Possiamo davvero sperare che dopo latelefonata di due ore tra Donald Trump e Vladimir Putin l’Ucraina sia più vicina a una pace giusta e duratura? Per crederlo bisogna essere molto ottimisti, perché le incognite non mancano.

Oggi non possiamo fare altro che condividere la prudenza di Volodymyr Zelenskyj che, come il resto del mondo, è costretto a osservare gli eventi dall’esterno. La sera del 18 marzo il presidente ucraino sperava di parlare con Trump per scoprire, per citare le sue parole, “quello che i russi hanno offerto agli statunitensi e quello che gli statunitensi hanno offerto ai russi”. Zelenskyj si è detto convinto che Mosca non sia “pronta a mettere fine alla guerra”.

Dalle informazioni comunicate da Washington possiamo dedurre che Putin non abbia accettato la stessa offerta che il suo omologo ucraino aveva accolto in occasione dei suoi colloqui con gli statunitensi a Jedda. Zelenskyj aveva infatti accettato un cessate il fuoco di trenta giorni, ma Putin si è limitato a promettere che non colpirà le infrastrutture energetiche. Tutti gli altri obiettivi restano plausibili, a cominciare dalle città ucraine.

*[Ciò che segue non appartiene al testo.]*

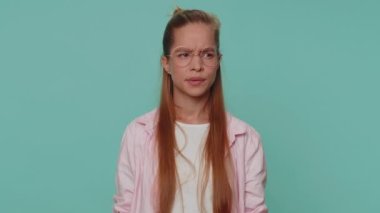 I dont know what to say. Confused pretty teenager young girl feeling embarrassed about ambiguous question, having doubts, no idea, being clueless and uncertain. Student child kid on blue background
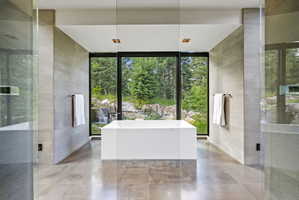 Freestanding soaking tub centered before expansive picture windows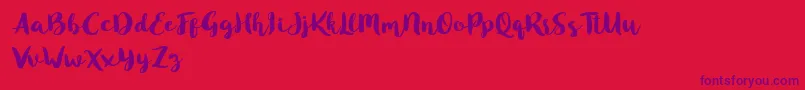 フォントBlusty Script Free – 赤い背景に紫のフォント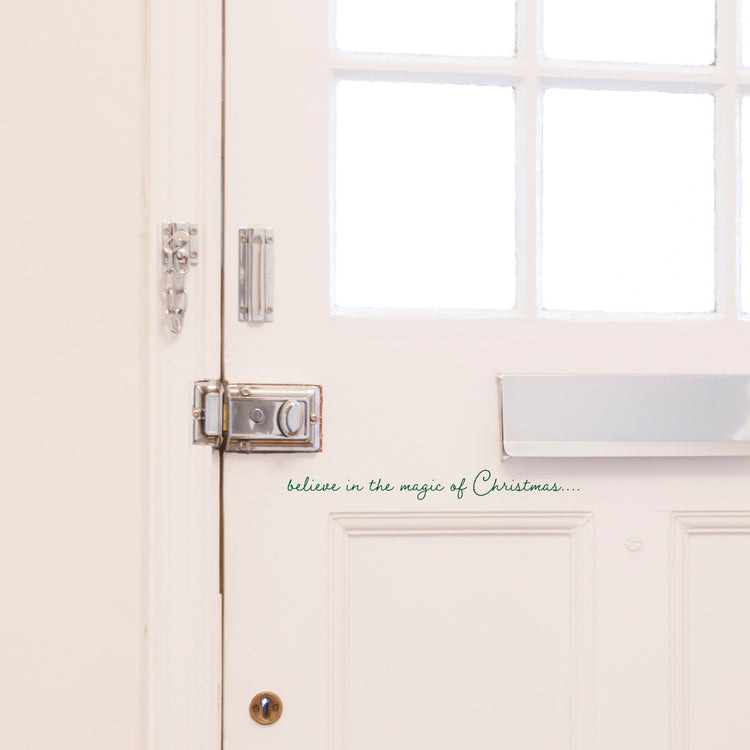Believe In The Magic of Christmas Front Door Sticker. Shown in a dark green colour on a white front door, in a script style font. A small Christmas decoration for a home.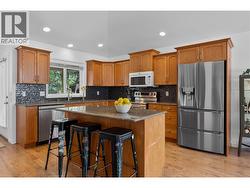 Granite counters and island with seating. -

Questa differenza dimostra che il presidente russo sta ponendo delle precise condizioni, e che non intende accogliere passivamente la proposta della Casa Bianca.

Gli Stati Uniti hanno sottolineato che i colloqui per estendere la tregua e arrivare alla pace cominceranno immediatamente in Medio Oriente, senza ancora precisare il luogo (ma possiamo ipotizzare che si tratti dell’Arabia Saudita). Questo significa che la telefonata del 18 marzo non ha portato a una svolta concreta.

L’unica domanda a cui è impossibile rispondere riguarda il comportamento di Trump durante il colloquio. Il presidente statunitense vuole a tutti i costi un accordo per incassare un successo diplomatico, in un momento in cui il fronte economico negli Stati Uniti suscita maggiore preoccupazione. Ma fino a che punto è disposto a fare concessioni alle esigenze russe? Sarà questo elemento a condizionare il resto.

L’argomento più sensibile riguarda la possibilità che l’Ucraina, al termine del negoziato, abbia i mezzi per difendersi. Putin pretende (e non sappiamo cosa ne pensi Trump) che gli occidentali smettano di consegnare armi a Kiev dopo la conclusione della tregua.

Se sarà così, l’Ucraina si ritroverà alla mercé del Cremlino nel caso in cui, con qualsiasi pretesto, la Russia dovesse decidere di riprendere la guerra. È possibile che Trump stia cercando di convincere Putin ad accettare la presenza di soldati europei sul suolo ucraino per garantire la pace? Un veto russo sarebbe un pessimo auspicio.

Oggi il mondo si comporta come se il 18 marzo fosse stato compiuto un passo avanti in direzione della pace. E forse è davvero così, ma allo stato attuale nessuno può esserne sicuro. Soprattutto considerando che Sergej Lavrov, ministro degli esteri russo, ha accompagnato l’annuncio della tregua parziale sulle infrastrutture energetiche a una menzogna, dichiarando che Mosca non ha mai preso di mira obiettivi civili.

Se Trump fosse un intermediario onesto potrebbe suscitare la fiducia del resto del mondo. Da due mesi, invece, è chiaro che il presidente statunitense vuole assolutamente riavvicinarsi a Putin, mentre per Zelenskyj prova più che altro disprezzo. Gli interessi economici della Russia sembrano per lui più importanti che la fine della guerra per gli ucraini.

Quindi attenzione, perché il diavolo si nasconde nei dettagli degli accordi di pace. In questo caso ancora più del solito.